Protéger votre époux grâce à la donation au dernier vivant
Souhaitez-vous assurer une part conséquente de votre héritage à votre partenaire ? La donation au dernier vivant est une option efficace. En cas d’enfants communs, votre époux hérite en principe de la totalité de vos biens en usufruit ou de 25% en pleine propriété. Grâce à la donation au dernier vivant, vous pouvez élargir cette répartition :
- Attribuer 25% en pleine propriété et 75% en usufruit.
- Accorder à votre partenaire l’intégralité de votre succession en usufruit.

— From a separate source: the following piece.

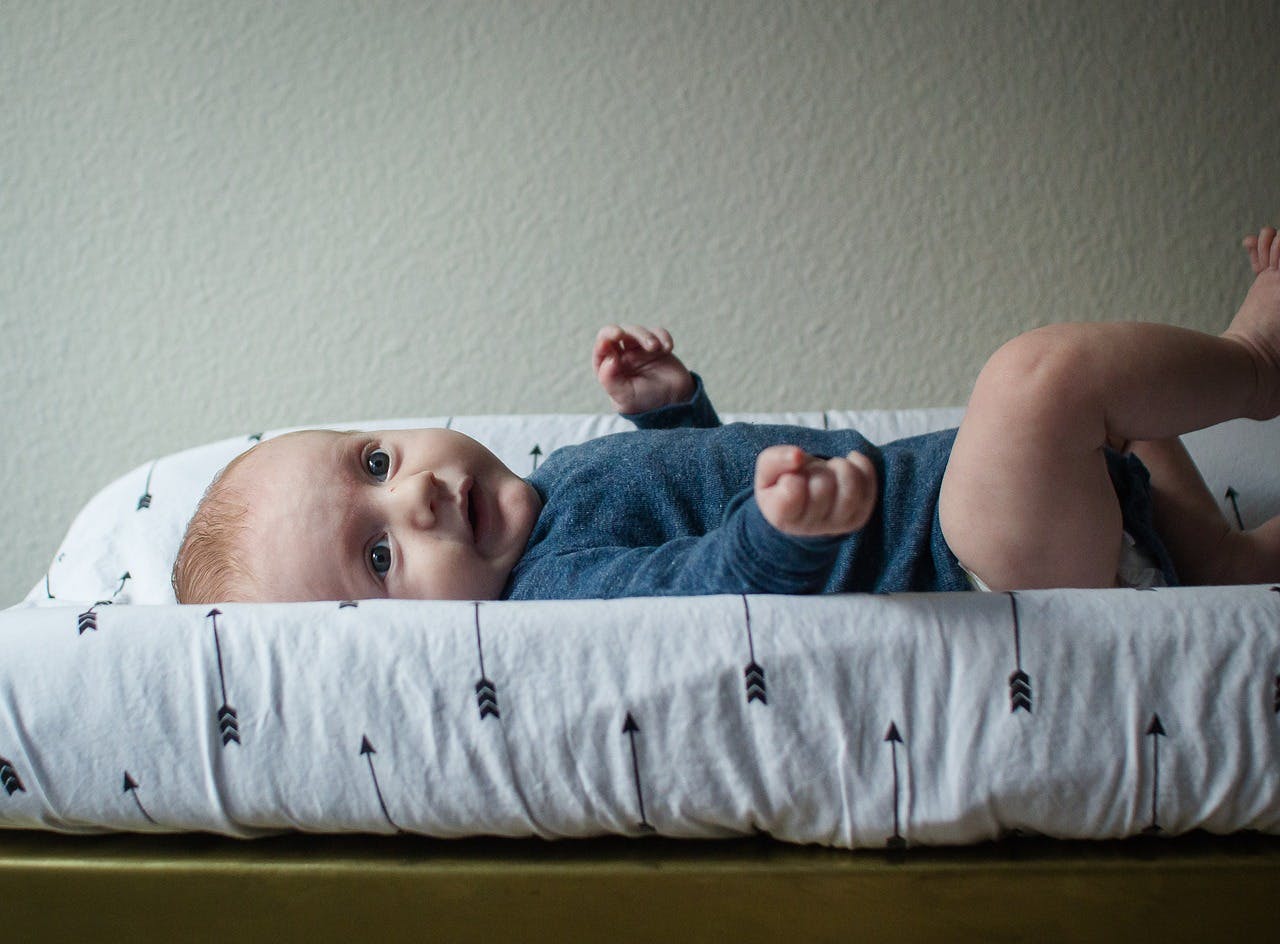 Érythème fessier bébé : symptômes et remèdes efficaces - La Fourche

- Réserver une quotité disponible en pleine propriété, ajustée selon le nombre d’enfants.
Si vous n’avez pas d’enfants, votre partenaire bénéficie de la moitié de la succession avec deux parents vivants ou des trois quarts avec un parent. La donation au dernier vivant vous offre alors la possibilité de lui léguer la totalité de votre patrimoine.
Les implications de la donation au dernier vivant en cas de divorce
Pour mettre en oeuvre cette donation, le recours à un notaire est indispensable, représentant un coût d'environ 135,84 € TTC. Il est possible d’enregistrer votre donation au Fichier central des dispositions de dernières volontés (FCDDV) pour garantir qu’elle soit prise en compte post-mortem.
Une caractéristique importante de la donation au dernier vivant est sa flexibilité. Vous pouvez l'annuler à tout moment, sauf si elle a été officialisée par contrat de mariage et n'avez pas besoin d'informer votre conjoint de cette décision. Cependant, en cas de divorce, la donation est annulée automatiquement, assurant ainsi une séparation des biens en cas de rupture.